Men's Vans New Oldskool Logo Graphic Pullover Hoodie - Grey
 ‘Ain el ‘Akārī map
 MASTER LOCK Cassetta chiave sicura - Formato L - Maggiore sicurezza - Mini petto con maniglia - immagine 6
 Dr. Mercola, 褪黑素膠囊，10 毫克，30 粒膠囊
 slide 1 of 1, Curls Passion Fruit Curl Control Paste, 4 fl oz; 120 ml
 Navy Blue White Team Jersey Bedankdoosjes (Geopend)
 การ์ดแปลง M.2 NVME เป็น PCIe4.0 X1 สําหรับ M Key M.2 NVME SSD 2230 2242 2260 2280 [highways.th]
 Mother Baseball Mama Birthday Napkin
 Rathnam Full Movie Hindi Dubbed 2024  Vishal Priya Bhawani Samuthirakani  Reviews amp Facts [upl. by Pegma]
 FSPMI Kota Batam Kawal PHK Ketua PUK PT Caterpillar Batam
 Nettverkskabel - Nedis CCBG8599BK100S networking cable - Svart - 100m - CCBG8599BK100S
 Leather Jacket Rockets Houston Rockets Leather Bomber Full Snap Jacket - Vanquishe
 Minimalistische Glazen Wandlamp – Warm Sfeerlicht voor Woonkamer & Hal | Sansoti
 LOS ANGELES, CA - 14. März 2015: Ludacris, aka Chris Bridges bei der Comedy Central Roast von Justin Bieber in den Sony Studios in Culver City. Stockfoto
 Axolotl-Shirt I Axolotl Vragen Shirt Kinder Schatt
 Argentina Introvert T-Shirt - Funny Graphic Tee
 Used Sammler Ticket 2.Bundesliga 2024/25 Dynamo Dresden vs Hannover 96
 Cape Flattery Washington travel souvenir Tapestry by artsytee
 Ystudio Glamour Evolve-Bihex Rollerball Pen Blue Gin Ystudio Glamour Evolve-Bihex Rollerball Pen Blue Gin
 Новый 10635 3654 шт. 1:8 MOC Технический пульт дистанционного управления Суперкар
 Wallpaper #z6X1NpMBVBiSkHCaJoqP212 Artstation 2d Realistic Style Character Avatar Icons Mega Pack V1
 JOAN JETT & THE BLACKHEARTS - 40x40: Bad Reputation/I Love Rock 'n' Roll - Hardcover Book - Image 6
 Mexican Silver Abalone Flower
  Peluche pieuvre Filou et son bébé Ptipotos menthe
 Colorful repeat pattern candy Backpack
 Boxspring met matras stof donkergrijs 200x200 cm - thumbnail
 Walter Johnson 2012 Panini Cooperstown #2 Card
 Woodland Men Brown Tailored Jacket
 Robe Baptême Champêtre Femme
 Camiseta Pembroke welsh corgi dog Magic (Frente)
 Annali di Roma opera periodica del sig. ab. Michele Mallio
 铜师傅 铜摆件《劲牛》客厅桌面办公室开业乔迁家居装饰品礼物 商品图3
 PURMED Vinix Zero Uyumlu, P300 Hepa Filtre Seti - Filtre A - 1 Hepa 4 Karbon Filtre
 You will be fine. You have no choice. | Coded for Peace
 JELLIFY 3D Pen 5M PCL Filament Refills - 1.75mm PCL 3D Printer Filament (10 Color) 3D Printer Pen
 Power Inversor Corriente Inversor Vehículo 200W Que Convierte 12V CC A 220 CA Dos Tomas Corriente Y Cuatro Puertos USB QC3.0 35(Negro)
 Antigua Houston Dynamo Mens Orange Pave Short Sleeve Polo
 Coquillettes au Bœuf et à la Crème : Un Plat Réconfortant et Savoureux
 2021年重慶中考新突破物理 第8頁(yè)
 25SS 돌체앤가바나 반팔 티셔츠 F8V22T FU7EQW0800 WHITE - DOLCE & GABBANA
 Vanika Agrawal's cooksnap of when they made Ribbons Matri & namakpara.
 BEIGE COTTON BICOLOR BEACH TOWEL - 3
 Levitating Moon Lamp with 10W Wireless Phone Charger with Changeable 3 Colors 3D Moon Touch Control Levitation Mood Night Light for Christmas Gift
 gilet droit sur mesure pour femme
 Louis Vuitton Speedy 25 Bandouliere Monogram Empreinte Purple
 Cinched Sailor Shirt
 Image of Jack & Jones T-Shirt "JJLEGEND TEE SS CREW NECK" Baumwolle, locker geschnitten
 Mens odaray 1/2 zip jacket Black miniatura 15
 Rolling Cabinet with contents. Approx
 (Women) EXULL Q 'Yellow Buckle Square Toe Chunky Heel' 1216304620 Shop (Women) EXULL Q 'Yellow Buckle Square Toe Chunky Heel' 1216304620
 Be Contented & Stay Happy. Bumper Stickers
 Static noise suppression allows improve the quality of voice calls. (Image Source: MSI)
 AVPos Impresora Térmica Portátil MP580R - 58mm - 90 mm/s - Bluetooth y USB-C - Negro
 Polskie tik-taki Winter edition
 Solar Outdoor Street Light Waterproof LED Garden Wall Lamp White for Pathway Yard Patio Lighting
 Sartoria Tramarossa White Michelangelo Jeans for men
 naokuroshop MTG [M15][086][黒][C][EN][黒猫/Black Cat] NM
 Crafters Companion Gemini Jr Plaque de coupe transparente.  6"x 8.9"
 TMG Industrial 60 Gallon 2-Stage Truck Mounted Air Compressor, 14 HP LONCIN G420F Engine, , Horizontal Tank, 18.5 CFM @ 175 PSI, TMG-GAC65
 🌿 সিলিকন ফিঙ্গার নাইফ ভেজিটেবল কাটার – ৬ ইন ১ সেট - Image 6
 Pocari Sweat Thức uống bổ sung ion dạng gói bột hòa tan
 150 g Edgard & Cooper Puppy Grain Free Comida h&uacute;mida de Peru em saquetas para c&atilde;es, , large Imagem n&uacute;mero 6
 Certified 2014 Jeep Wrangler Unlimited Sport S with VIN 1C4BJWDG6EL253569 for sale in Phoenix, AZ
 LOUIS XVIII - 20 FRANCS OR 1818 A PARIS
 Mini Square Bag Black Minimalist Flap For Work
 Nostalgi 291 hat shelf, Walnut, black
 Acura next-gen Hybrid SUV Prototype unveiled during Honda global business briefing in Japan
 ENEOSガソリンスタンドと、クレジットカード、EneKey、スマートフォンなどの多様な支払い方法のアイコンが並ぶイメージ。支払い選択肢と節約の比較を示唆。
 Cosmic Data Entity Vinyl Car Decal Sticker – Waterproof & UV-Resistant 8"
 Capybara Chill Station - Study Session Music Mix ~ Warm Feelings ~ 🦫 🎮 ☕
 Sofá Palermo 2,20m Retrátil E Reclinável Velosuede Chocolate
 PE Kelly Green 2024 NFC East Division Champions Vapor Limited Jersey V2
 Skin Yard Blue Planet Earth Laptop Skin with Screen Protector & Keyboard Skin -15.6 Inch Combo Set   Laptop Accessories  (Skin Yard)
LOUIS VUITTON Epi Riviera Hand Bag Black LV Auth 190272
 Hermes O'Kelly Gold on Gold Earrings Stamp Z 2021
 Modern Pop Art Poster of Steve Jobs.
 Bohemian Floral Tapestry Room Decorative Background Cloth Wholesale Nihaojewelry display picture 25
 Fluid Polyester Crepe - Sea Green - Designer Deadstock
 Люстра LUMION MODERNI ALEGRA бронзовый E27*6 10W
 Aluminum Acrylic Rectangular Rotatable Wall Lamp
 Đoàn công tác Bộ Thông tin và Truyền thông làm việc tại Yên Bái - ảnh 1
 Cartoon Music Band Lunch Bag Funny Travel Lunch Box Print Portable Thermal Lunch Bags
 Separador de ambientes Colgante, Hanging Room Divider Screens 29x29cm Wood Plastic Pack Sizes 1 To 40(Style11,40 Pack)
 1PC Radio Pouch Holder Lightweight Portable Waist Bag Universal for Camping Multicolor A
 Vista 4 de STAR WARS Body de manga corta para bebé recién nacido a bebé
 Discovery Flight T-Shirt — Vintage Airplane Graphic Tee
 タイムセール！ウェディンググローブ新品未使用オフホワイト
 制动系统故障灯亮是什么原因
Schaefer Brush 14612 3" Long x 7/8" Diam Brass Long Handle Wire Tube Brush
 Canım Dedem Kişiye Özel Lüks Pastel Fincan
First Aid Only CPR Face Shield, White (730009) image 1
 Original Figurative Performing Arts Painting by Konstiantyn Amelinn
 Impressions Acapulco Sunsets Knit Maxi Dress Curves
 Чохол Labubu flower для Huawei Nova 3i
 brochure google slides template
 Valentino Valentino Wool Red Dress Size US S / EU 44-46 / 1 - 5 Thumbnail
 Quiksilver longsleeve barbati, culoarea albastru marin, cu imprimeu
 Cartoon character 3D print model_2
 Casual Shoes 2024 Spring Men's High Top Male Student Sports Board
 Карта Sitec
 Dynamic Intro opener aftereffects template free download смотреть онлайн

The task :: Taking the entries above, write out exactly each line from the one holding "LOS ANGELES, CA" to the one holding "You will be", both included, and stop there.

Solution below ::
 LOS ANGELES, CA - 14. März 2015: Ludacris, aka Chris Bridges bei der Comedy Central Roast von Justin Bieber in den Sony Studios in Culver City. Stockfoto
 Axolotl-Shirt I Axolotl Vragen Shirt Kinder Schatt
 Argentina Introvert T-Shirt - Funny Graphic Tee
 Used Sammler Ticket 2.Bundesliga 2024/25 Dynamo Dresden vs Hannover 96
 Cape Flattery Washington travel souvenir Tapestry by artsytee
 Ystudio Glamour Evolve-Bihex Rollerball Pen Blue Gin Ystudio Glamour Evolve-Bihex Rollerball Pen Blue Gin
 Новый 10635 3654 шт. 1:8 MOC Технический пульт дистанционного управления Суперкар
 Wallpaper #z6X1NpMBVBiSkHCaJoqP212 Artstation 2d Realistic Style Character Avatar Icons Mega Pack V1
 JOAN JETT & THE BLACKHEARTS - 40x40: Bad Reputation/I Love Rock 'n' Roll - Hardcover Book - Image 6
 Mexican Silver Abalone Flower
  Peluche pieuvre Filou et son bébé Ptipotos menthe
 Colorful repeat pattern candy Backpack
 Boxspring met matras stof donkergrijs 200x200 cm - thumbnail
 Walter Johnson 2012 Panini Cooperstown #2 Card
 Woodland Men Brown Tailored Jacket
 Robe Baptême Champêtre Femme
 Camiseta Pembroke welsh corgi dog Magic (Frente)
 Annali di Roma opera periodica del sig. ab. Michele Mallio
 铜师傅 铜摆件《劲牛》客厅桌面办公室开业乔迁家居装饰品礼物 商品图3
 PURMED Vinix Zero Uyumlu, P300 Hepa Filtre Seti - Filtre A - 1 Hepa 4 Karbon Filtre
 You will be fine. You have no choice. | Coded for Peace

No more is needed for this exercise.